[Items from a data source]
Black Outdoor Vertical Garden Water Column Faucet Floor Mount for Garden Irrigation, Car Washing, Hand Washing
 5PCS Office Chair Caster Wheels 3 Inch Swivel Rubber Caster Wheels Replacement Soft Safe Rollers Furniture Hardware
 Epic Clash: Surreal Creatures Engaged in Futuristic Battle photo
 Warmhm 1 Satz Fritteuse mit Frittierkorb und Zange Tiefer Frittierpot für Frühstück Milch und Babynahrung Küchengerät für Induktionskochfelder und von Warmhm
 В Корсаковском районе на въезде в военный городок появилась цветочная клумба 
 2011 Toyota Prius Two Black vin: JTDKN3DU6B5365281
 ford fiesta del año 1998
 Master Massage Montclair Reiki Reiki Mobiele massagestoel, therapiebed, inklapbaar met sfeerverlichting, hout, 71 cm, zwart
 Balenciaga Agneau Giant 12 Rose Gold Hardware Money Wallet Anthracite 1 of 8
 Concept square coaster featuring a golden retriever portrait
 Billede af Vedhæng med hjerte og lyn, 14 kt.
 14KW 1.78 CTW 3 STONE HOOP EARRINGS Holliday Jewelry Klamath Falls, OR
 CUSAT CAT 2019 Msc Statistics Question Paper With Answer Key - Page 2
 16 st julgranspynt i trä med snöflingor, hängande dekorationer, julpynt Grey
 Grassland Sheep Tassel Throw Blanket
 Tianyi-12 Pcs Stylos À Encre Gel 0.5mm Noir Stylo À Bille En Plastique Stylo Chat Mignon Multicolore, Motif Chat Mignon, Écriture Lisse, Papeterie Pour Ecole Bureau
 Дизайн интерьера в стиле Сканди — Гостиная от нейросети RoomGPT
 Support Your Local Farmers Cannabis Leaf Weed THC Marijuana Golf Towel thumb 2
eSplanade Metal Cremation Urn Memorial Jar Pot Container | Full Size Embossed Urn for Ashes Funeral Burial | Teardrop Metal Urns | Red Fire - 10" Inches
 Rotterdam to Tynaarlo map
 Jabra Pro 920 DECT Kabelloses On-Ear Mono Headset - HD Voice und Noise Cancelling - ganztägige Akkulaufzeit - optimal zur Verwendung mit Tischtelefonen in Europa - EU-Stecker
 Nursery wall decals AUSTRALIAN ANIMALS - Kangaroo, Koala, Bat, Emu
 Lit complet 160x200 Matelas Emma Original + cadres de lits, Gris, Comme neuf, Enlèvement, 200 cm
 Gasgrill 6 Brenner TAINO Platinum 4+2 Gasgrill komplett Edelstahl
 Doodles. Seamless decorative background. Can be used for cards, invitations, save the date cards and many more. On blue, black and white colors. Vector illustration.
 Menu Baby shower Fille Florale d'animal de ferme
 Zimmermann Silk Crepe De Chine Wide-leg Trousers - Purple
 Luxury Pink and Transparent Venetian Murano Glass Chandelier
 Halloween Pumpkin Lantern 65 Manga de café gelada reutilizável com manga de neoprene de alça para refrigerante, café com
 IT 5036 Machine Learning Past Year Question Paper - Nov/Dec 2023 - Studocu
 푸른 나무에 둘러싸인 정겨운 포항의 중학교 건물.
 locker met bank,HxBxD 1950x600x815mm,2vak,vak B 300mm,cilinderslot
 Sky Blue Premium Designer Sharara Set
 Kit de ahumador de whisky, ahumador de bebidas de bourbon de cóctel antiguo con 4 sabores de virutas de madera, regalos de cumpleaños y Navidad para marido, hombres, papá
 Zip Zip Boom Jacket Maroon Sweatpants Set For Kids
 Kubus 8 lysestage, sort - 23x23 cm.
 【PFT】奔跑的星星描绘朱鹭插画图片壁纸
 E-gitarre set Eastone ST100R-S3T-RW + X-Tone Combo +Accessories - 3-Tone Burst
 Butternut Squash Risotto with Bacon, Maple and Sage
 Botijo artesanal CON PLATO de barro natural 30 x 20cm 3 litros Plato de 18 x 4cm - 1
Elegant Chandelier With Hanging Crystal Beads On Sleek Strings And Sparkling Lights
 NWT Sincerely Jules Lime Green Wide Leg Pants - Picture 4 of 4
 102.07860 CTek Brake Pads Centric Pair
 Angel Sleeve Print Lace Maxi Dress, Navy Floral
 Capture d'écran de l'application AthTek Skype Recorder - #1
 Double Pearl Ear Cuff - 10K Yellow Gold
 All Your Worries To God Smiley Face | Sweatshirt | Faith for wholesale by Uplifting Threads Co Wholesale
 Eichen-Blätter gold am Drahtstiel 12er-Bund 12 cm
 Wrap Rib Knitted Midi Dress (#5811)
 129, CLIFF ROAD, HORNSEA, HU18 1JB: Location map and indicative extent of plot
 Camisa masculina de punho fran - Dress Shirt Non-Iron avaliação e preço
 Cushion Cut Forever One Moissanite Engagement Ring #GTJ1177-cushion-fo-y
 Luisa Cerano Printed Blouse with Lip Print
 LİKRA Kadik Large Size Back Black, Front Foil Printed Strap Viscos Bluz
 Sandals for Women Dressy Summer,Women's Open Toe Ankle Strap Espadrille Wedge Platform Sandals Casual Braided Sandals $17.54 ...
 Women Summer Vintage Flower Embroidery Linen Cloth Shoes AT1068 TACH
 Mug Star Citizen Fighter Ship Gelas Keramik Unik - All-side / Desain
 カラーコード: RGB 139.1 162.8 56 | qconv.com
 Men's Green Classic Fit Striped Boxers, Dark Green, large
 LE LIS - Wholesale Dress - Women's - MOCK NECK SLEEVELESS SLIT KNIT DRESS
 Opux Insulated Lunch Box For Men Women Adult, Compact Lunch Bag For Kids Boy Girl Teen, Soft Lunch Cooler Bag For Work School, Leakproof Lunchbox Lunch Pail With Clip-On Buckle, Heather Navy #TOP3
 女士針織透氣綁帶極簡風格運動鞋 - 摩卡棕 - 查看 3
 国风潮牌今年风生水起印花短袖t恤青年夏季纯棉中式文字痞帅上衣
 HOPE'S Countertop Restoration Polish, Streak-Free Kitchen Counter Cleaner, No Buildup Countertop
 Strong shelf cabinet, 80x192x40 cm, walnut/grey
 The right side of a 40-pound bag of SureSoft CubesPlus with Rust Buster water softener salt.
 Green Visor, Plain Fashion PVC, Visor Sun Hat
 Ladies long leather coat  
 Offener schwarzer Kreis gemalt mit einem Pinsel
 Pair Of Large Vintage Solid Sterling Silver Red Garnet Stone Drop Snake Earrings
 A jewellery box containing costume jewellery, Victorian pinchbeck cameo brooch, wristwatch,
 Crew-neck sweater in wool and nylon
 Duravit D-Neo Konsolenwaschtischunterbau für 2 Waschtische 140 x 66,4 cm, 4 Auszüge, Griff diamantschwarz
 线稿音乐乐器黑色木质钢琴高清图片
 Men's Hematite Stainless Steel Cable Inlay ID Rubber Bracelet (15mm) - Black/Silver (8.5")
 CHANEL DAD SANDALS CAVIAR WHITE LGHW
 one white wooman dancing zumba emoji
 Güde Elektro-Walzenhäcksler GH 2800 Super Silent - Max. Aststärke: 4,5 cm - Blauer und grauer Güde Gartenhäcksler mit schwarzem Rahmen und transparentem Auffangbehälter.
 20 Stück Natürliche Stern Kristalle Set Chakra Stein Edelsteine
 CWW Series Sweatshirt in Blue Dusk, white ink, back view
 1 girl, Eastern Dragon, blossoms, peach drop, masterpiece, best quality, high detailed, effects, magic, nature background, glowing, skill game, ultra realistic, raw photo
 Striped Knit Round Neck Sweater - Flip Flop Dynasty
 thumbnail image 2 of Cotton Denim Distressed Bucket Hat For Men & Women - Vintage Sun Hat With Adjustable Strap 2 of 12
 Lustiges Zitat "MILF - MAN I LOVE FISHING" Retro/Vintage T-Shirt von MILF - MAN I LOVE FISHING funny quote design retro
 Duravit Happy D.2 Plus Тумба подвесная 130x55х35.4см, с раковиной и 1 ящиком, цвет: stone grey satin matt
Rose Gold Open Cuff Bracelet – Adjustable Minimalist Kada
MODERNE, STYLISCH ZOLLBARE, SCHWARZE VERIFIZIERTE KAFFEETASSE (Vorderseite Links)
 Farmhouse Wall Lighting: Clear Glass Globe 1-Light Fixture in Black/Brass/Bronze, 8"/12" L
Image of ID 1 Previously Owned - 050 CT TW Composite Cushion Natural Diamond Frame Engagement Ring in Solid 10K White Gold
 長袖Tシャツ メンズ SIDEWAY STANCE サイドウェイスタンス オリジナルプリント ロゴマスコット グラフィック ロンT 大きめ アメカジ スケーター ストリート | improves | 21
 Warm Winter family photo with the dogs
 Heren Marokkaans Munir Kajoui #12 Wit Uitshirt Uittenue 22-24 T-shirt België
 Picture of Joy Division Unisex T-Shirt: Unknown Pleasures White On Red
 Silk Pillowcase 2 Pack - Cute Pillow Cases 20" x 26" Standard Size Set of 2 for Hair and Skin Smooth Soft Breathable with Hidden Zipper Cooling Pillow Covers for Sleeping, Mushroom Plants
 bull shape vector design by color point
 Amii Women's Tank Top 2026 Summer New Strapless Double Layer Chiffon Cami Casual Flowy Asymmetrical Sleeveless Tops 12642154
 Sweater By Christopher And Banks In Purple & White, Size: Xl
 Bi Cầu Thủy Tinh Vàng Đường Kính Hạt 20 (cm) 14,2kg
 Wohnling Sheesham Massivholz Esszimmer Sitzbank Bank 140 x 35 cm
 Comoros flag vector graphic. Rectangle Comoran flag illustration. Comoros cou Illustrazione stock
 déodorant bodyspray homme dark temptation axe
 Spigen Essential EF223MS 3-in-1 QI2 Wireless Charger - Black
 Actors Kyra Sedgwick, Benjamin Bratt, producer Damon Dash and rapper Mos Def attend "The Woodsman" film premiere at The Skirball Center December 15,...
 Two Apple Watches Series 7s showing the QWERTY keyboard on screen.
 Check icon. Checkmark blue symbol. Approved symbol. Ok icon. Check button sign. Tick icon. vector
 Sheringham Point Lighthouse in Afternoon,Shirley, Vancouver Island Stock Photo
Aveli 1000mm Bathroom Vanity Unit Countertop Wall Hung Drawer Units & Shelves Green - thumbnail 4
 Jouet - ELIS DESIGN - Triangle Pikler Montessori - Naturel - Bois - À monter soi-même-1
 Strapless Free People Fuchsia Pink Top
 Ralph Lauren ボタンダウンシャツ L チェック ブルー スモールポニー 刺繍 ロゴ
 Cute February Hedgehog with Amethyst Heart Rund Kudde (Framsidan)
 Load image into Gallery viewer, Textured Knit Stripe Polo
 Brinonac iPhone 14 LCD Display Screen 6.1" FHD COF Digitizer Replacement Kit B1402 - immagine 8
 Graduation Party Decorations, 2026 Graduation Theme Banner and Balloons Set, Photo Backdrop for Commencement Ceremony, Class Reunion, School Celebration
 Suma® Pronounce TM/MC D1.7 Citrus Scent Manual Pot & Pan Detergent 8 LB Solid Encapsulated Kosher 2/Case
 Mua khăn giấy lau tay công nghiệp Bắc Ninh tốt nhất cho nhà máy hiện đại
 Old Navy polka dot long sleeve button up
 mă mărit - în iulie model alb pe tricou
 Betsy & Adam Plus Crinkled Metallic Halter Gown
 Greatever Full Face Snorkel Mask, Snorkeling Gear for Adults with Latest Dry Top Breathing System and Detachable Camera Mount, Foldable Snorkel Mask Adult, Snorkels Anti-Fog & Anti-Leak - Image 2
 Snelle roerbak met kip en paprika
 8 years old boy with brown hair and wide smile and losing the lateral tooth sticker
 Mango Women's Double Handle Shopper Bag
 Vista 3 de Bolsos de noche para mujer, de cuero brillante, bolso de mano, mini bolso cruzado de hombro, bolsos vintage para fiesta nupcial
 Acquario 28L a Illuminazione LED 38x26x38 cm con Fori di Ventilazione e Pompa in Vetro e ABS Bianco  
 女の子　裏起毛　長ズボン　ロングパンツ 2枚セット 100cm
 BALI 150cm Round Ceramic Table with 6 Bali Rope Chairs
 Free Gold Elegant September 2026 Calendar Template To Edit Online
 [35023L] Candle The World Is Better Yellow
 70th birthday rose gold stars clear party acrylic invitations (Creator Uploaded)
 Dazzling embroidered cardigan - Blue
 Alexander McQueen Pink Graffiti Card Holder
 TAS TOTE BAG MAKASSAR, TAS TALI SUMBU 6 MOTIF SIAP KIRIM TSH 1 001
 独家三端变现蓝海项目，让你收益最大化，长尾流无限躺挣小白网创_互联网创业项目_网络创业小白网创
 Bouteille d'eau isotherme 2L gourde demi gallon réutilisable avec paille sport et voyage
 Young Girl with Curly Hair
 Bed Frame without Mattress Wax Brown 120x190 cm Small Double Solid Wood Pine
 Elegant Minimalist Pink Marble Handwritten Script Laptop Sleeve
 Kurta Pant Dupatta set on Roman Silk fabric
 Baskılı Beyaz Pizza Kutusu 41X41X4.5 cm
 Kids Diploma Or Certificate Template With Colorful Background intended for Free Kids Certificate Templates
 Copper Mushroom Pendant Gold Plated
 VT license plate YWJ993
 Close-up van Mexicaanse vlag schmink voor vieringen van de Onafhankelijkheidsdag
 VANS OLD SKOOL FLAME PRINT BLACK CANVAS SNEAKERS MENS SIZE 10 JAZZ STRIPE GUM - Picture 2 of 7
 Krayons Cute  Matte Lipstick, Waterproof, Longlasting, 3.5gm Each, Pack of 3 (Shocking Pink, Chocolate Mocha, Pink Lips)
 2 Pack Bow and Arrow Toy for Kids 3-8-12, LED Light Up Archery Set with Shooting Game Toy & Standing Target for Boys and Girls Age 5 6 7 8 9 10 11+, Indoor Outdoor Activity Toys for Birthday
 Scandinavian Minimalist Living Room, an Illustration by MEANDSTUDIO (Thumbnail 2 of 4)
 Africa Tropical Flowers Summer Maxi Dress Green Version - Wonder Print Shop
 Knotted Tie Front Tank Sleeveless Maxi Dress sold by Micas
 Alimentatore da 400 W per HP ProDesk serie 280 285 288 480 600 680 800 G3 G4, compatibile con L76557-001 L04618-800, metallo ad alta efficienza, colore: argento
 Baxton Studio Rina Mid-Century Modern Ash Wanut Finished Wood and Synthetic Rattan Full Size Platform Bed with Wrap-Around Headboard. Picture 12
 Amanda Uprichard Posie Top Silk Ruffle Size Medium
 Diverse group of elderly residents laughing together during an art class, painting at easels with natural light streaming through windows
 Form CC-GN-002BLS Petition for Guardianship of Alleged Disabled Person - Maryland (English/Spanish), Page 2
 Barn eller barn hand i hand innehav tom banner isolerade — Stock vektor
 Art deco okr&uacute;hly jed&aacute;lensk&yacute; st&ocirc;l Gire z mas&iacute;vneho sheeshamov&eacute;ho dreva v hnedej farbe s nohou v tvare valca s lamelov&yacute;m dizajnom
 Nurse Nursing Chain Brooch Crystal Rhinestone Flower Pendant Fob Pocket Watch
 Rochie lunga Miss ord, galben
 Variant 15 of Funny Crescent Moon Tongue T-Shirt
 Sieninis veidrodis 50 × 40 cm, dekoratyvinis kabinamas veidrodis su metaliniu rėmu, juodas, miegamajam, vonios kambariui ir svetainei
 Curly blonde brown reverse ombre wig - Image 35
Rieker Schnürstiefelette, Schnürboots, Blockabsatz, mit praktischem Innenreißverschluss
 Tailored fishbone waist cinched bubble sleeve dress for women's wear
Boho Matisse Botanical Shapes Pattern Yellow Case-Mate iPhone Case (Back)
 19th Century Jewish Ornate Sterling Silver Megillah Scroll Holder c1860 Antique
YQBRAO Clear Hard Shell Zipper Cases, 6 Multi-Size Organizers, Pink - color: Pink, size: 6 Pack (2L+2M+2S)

_Exercise objective_.
An exact copy of the lines above, from the one containing "Sheringham Point Lighthouse" through the one containing "Brinonac iPhone 14", is the whole of the answer.

_Response to the task_.
 Sheringham Point Lighthouse in Afternoon,Shirley, Vancouver Island Stock Photo
Aveli 1000mm Bathroom Vanity Unit Countertop Wall Hung Drawer Units & Shelves Green - thumbnail 4
 Jouet - ELIS DESIGN - Triangle Pikler Montessori - Naturel - Bois - À monter soi-même-1
 Strapless Free People Fuchsia Pink Top
 Ralph Lauren ボタンダウンシャツ L チェック ブルー スモールポニー 刺繍 ロゴ
 Cute February Hedgehog with Amethyst Heart Rund Kudde (Framsidan)
 Load image into Gallery viewer, Textured Knit Stripe Polo
 Brinonac iPhone 14 LCD Display Screen 6.1" FHD COF Digitizer Replacement Kit B1402 - immagine 8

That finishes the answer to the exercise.